§ **Problem description**:
What you produce should be the lines from the line containing "認知症カフェに参加した人が楽しそうに会話をしている写真" through the last line below, both ends included, reproduced exactly and without pictures.

§ **Data block**:
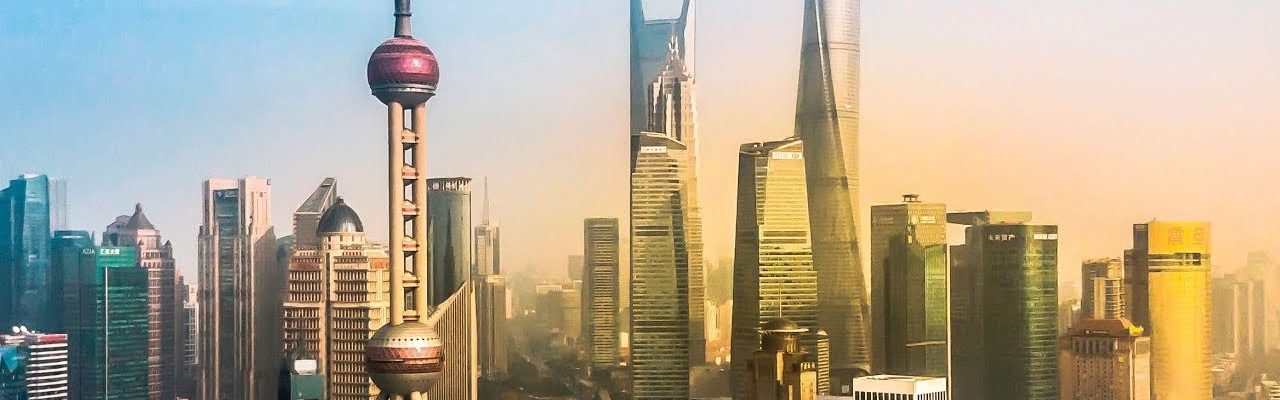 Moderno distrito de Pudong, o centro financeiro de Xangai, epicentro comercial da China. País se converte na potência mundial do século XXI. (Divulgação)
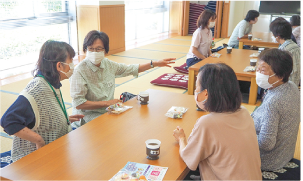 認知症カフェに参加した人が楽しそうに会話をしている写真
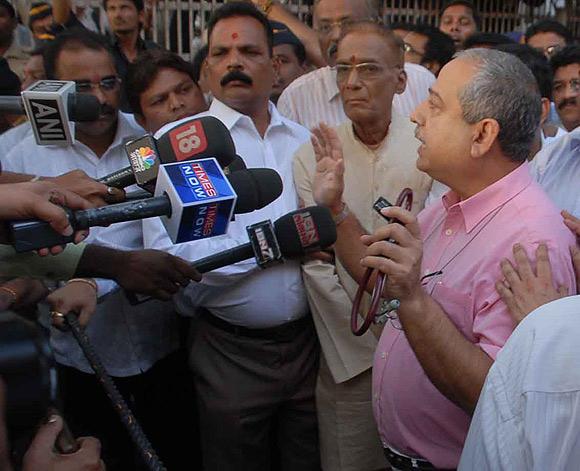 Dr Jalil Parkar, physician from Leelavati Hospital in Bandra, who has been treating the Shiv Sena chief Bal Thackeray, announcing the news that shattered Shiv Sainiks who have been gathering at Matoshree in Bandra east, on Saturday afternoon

§ **Solution for this task**:
 認知症カフェに参加した人が楽しそうに会話をしている写真
 Dr Jalil Parkar, physician from Leelavati Hospital in Bandra, who has been treating the Shiv Sena chief Bal Thackeray, announcing the news that shattered Shiv Sainiks who have been gathering at Matoshree in Bandra east, on Saturday afternoon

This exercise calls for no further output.